Task directions:
Your task is to transcribe, word for word, the line containing "Stance Icon Crew Socks" and all lines that follow it to the end of the entries. Leave out the pictures.
○ ○ ○ ○
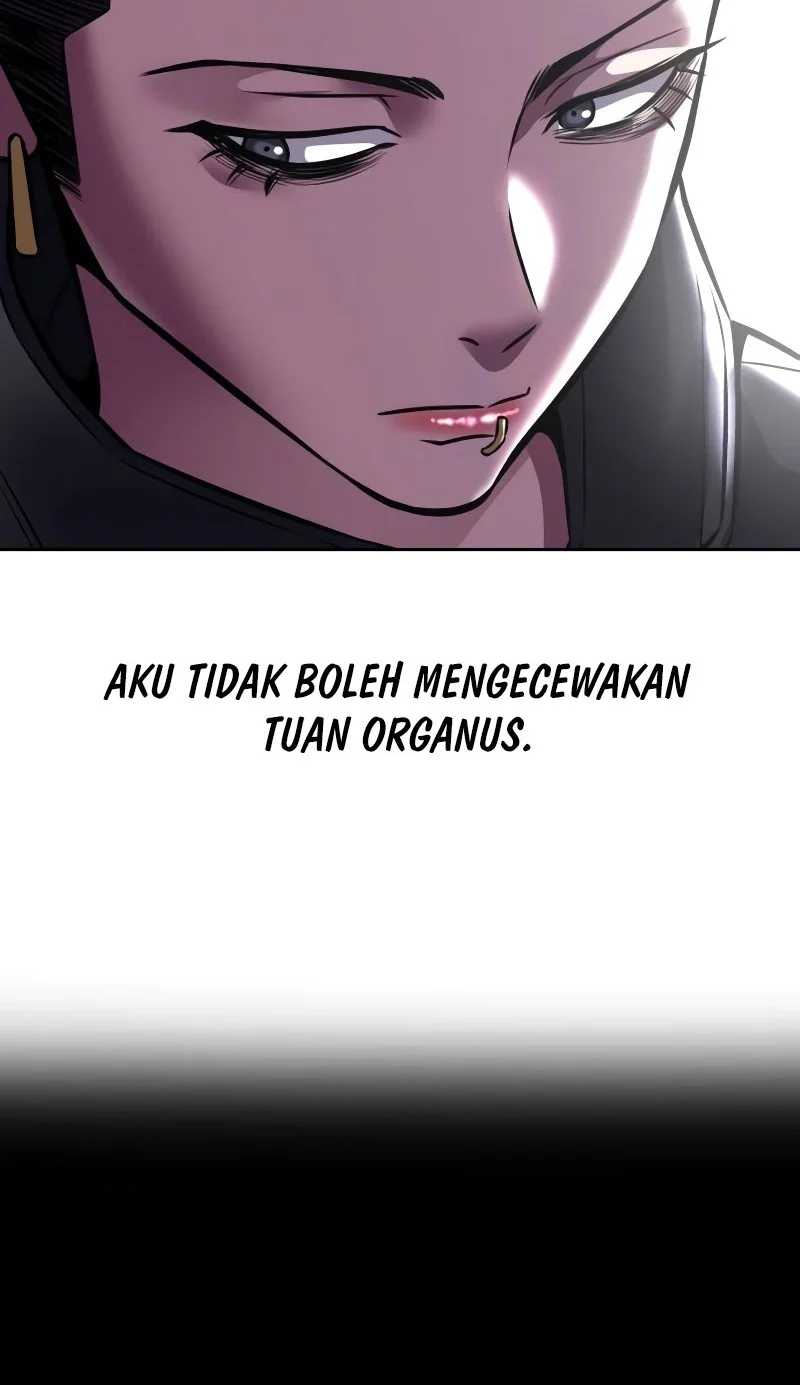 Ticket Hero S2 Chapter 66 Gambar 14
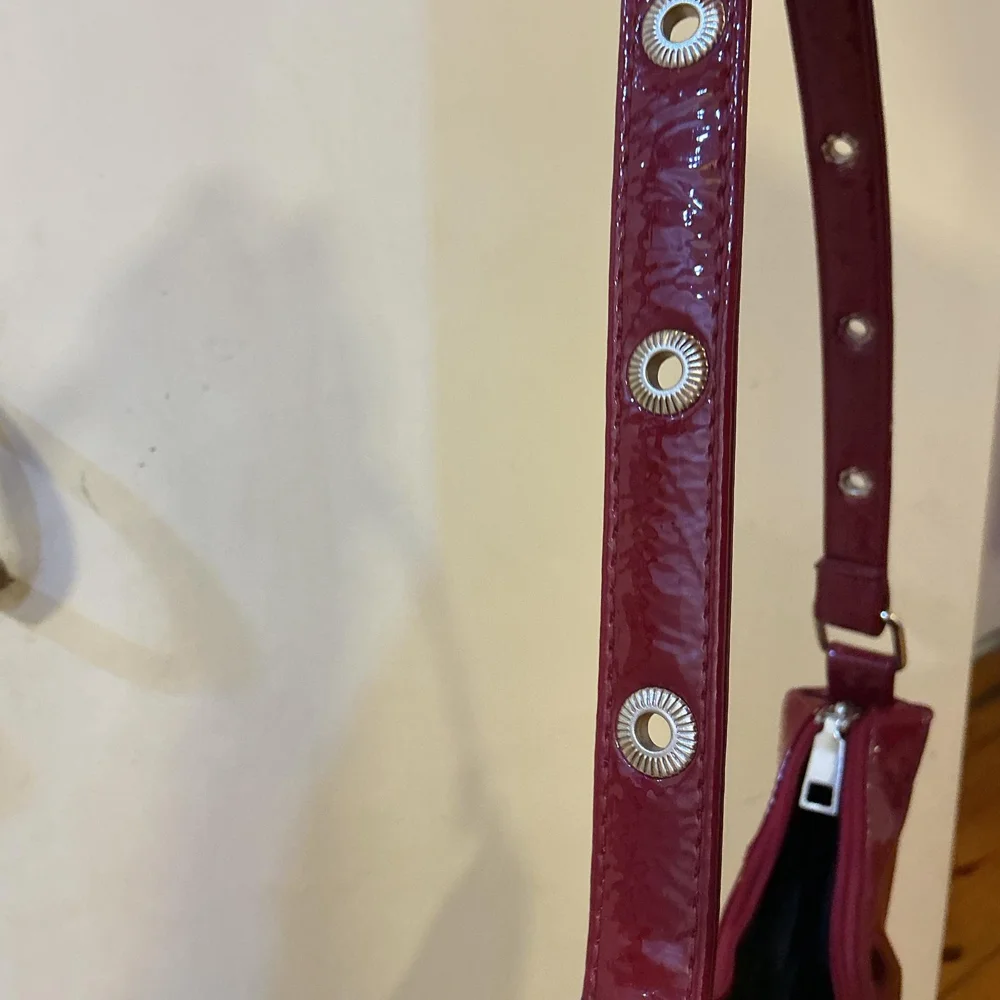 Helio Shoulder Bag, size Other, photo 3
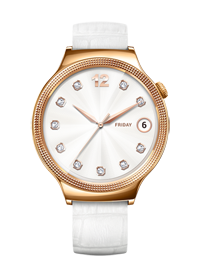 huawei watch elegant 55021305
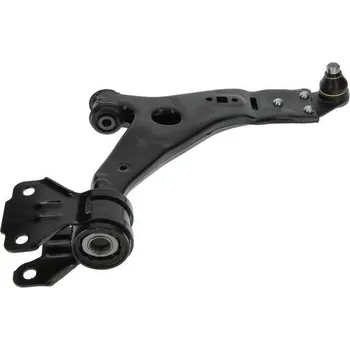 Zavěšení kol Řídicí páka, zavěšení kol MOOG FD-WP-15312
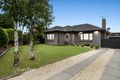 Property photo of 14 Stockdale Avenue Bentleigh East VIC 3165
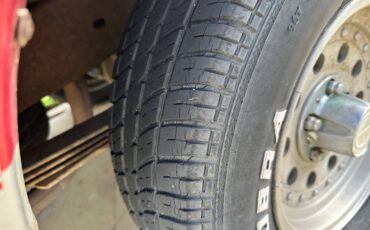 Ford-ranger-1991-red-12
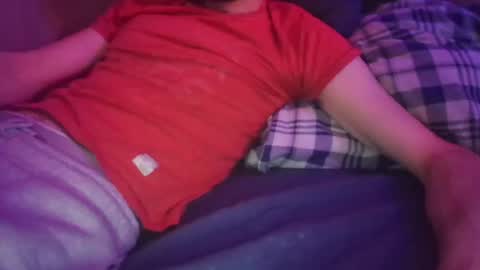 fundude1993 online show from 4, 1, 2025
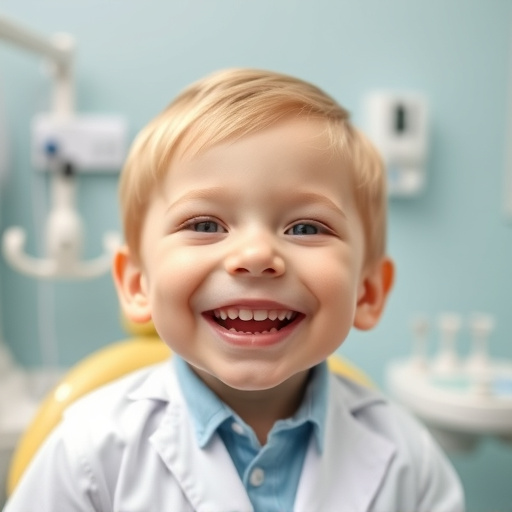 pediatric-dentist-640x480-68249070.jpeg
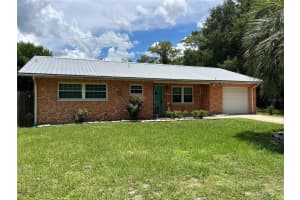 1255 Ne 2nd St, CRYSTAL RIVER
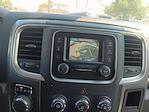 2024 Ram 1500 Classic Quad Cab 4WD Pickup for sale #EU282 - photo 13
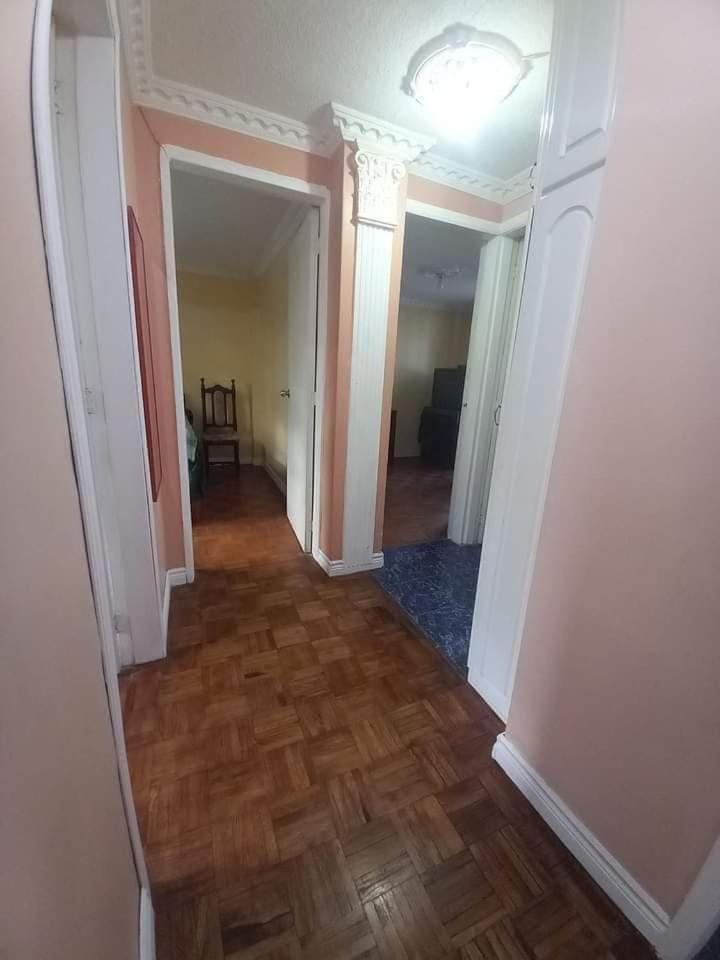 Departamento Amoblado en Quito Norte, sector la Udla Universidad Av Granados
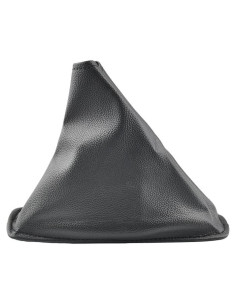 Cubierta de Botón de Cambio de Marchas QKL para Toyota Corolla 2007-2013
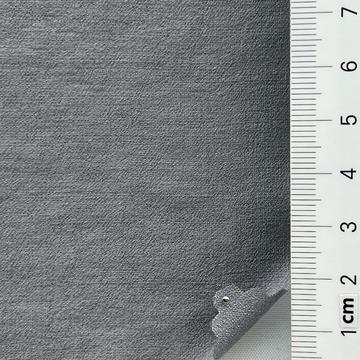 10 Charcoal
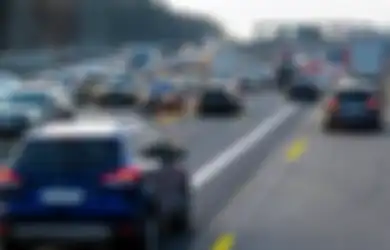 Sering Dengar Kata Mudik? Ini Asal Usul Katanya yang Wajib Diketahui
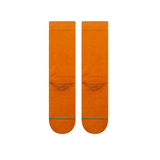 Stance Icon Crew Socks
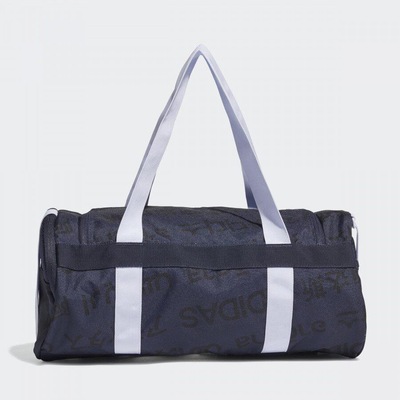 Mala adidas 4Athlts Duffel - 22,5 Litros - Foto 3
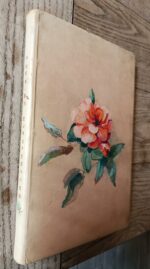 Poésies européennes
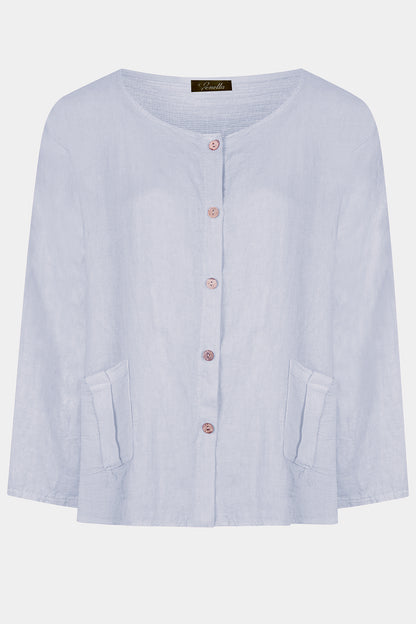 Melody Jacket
○ ○ ○ ○
Your solution:
 Stance Icon Crew Socks
 Mala adidas 4Athlts Duffel - 22,5 Litros - Foto 3
 Poésies européennes
 Melody Jacket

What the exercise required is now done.